Closures and Side Effects

The convention, when a function causes a side effect, is to treat it as a procedure and to return the value (), of type unit. Nevertheless, in some cases, it can be useful to cause the side effect within a function that returns a useful value. We have already used this mixture of the styles in the function permute_pivot of quicksort.
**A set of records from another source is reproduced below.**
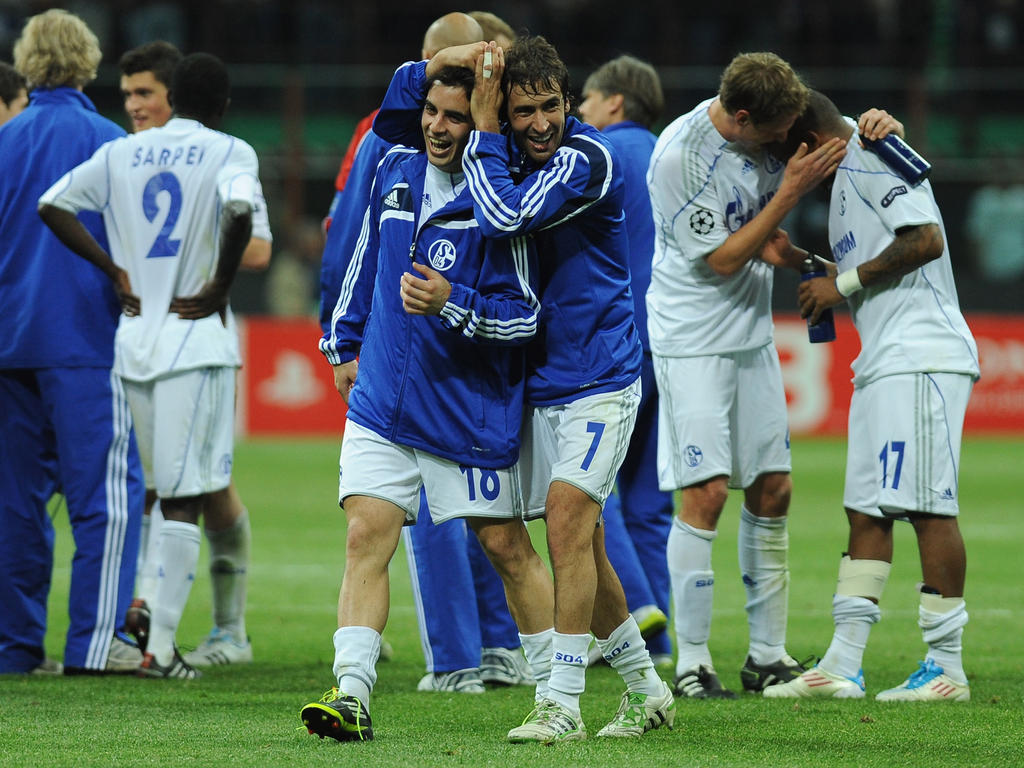 Schalke 04 gewann am 5. April 2011 mit 5:2 bei Inter Mailand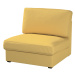Dekoria Potah na neskládací křeslo IKEA Kivik, matně žlutá, křeslo Kivik, Cotton Panama, 702-41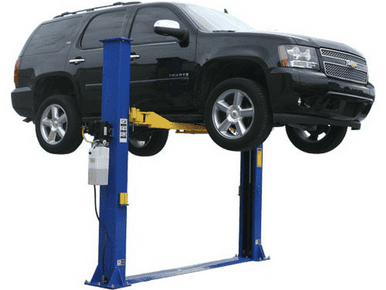 ATLAS 9KBP Baseplate 9,000 lbs. Capacity 2 Post Lift - (Blue/Yellow version)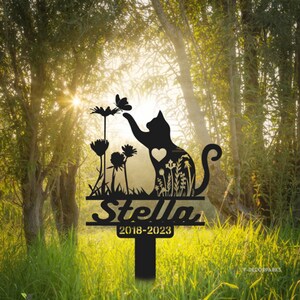 Custom Personalized Memorial Cat Photo Square Lithograph - Gift Idea For Cat Lover - I'm Right Here In Your Heart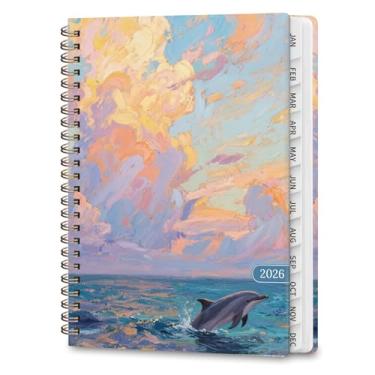 Imagem de Agenda 2026, agenda de planejamento acadêmico, agenda de planejamento acadêmico, escritório, escola, casa, para mulheres e homens, 16 cm × 21,6 cm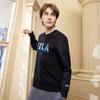 New FILA x V&A LIANMINGKUAN Sweatshirt Men's Jet Black F11M418201F-BK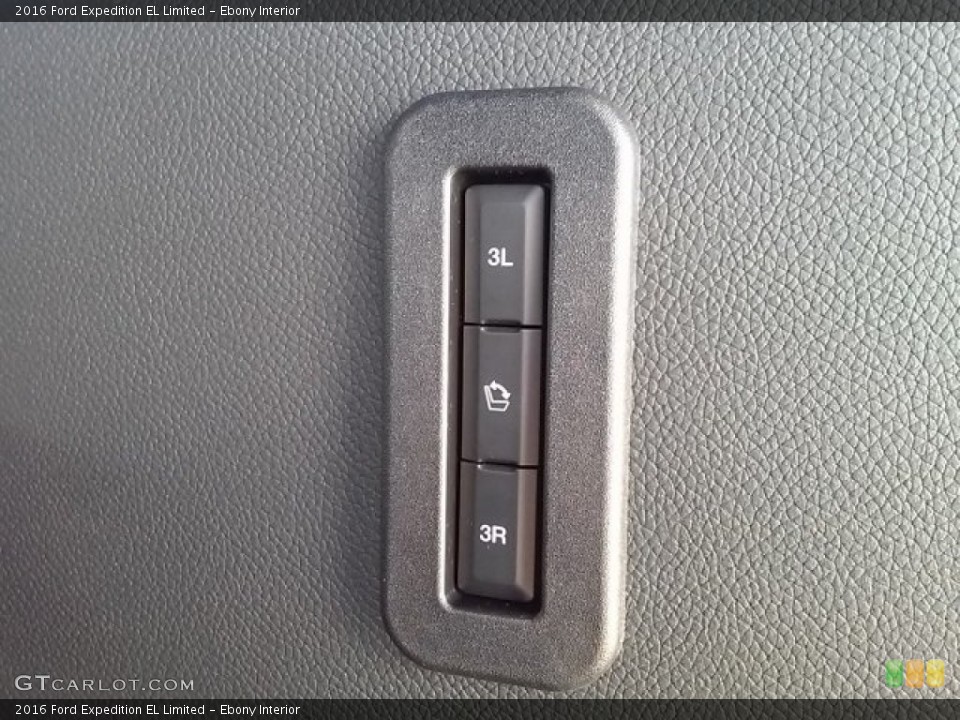 Ebony Interior Controls for the 2016 Ford Expedition EL Limited #110705775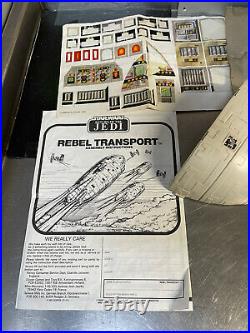 Vintage Star Wars Rebel Transport Complete Boxed Instructions Decals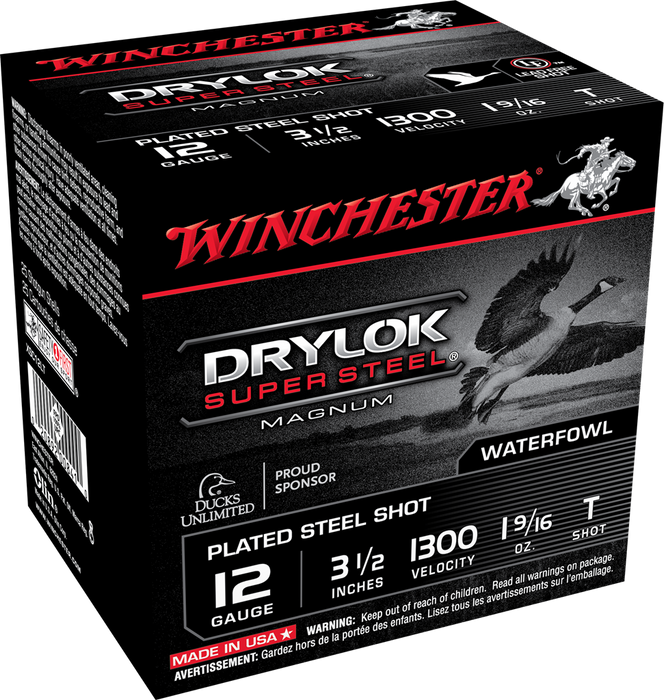 Winchester Ammo Drylock Super Steel, Win Xsc12lt    Plated    3.5 Stl    25/10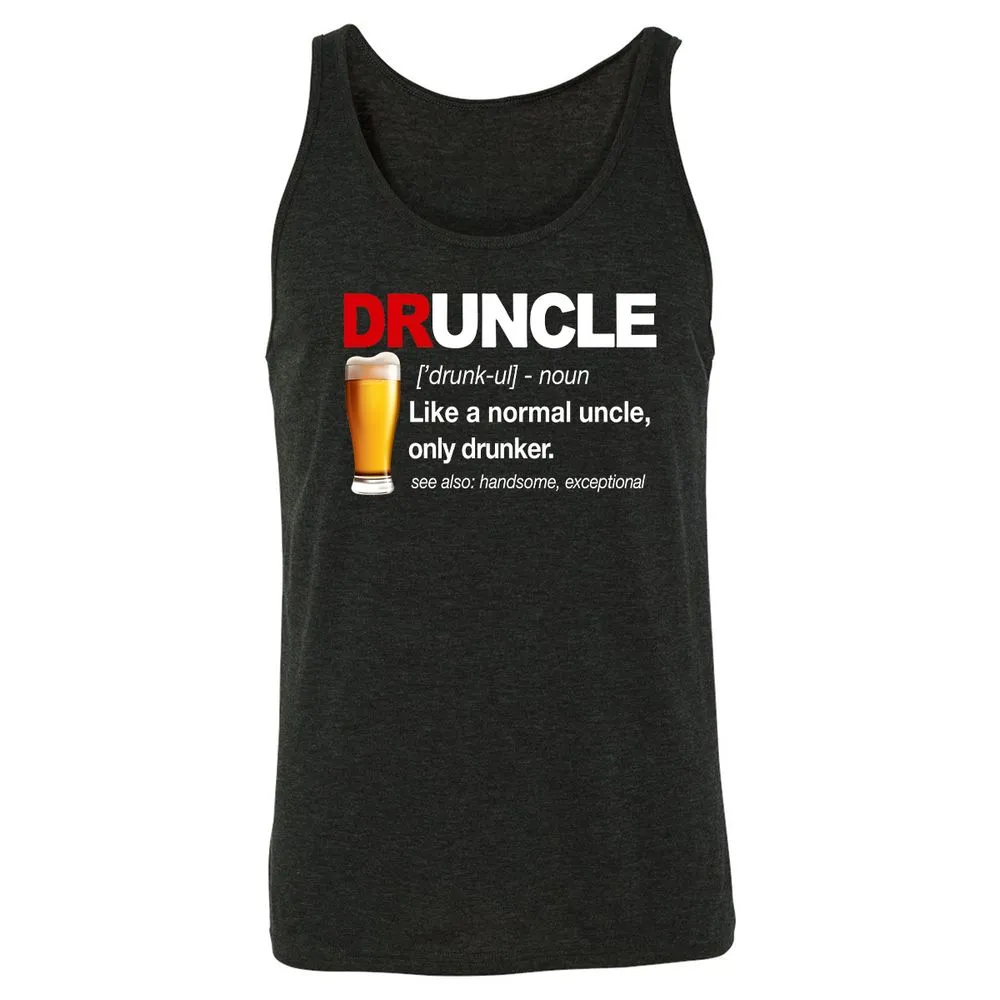 Unisex Jersey Tank - HG7Z93CM - Charcoal Black Triblend - 5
The next example is a symbol generator that creates a new symbol each time that it is called. It simply uses a counter that is incremented at every call.

# let c = ref 0;;
val c : int ref = {contents=0}
# let reset_symb = function () -> c:=0 ;;
val reset_symb : unit -> unit = <fun>
# let new_symb = function s -> c:=!c+1 ; s^(string_of_int !c) ;;
val new_symb : string -> string = <fun>
# new_symb "VAR" ;;
- : string = "VAR1"
# new_symb "VAR" ;;
- : string = "VAR2"
# reset_symb () ;;
- : unit = ()
# new_symb "WAR" ;;
- : string = "WAR1"
# new_symb "WAR" ;;
- : string = "WAR2"

The reference c may be hidden from the rest of the program by writing:

# let (reset_s , new_s) =
let c = ref 0
in let f1 () = c := 0
and f2 s = c := !c+1 ; s^(string_of_int !c)
in (f1,f2) ;;
val reset_s : unit -> unit = <fun>
val new_s : string -> string = <fun>

This declaration creates a pair of functions that share the variable c, which is local to this declaration. Using these two functions produces the same behavior as the previous definitions.

# new_s "VAR";;
- : string = "VAR1"
# new_s "VAR";;
- : string = "VAR2"
# reset_s();;
- : unit = ()
# new_s "WAR";;
- : string = "WAR1"
# new_s "WAR";;
- : string = "WAR2"

This example permits us to illustrate the way that closures are represented. A closure may be considered as a pair containing the code (that is, the function part) as one component and the local envoronment containing the values of the free variables of the function. Figure 4.1 shows the memory representation of the closures reset_s and new_s.

Figure 4.1: Memory representation of closures.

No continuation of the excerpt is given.